TASK INPUTS ->

^^^^

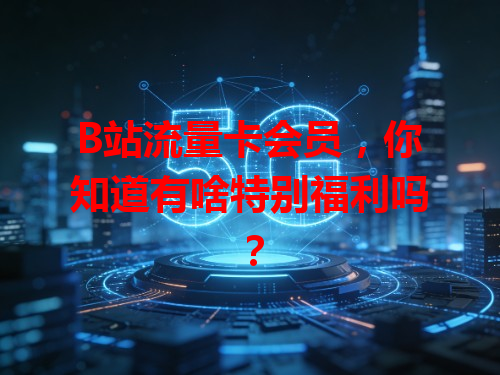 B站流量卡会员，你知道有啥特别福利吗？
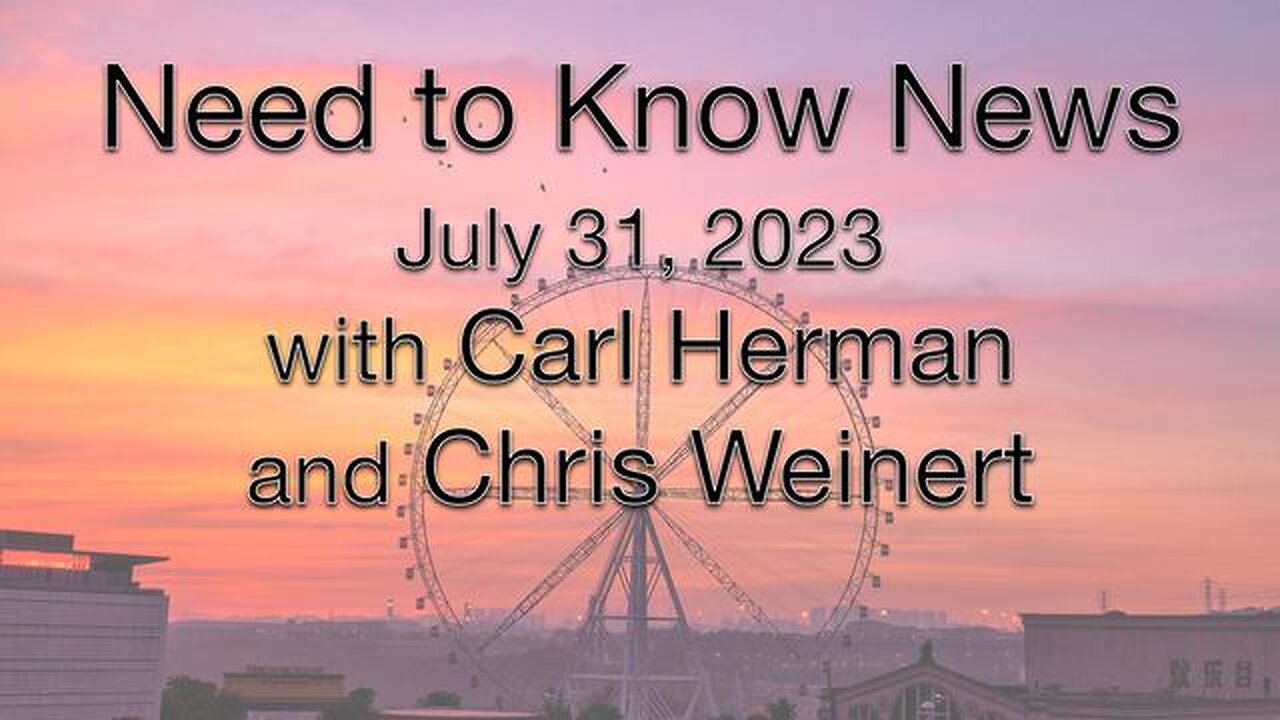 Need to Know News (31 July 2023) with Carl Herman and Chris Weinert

^^^^

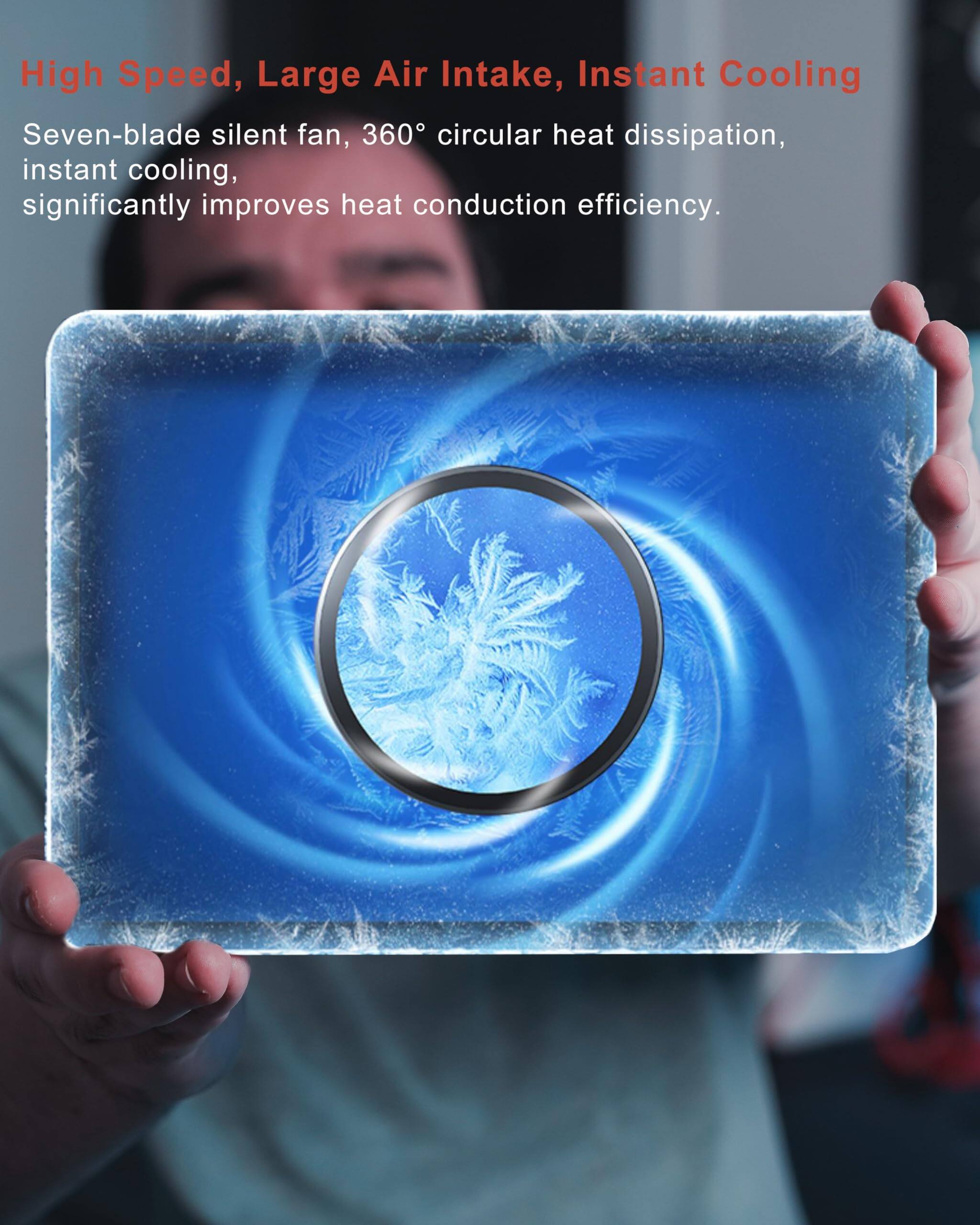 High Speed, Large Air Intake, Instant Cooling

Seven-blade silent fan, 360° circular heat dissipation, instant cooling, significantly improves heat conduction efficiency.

^^^^

EXERCISE PROMPT ->
Transcribe only the lines above that start at the line containing "B站流量卡会员，你知道有啥特别福利吗？" and end at the line containing "Need to Know". Omit pictures.

ANSWER TO THIS EXERCISE ->
 B站流量卡会员，你知道有啥特别福利吗？
 Need to Know News (31 July 2023) with Carl Herman and Chris Weinert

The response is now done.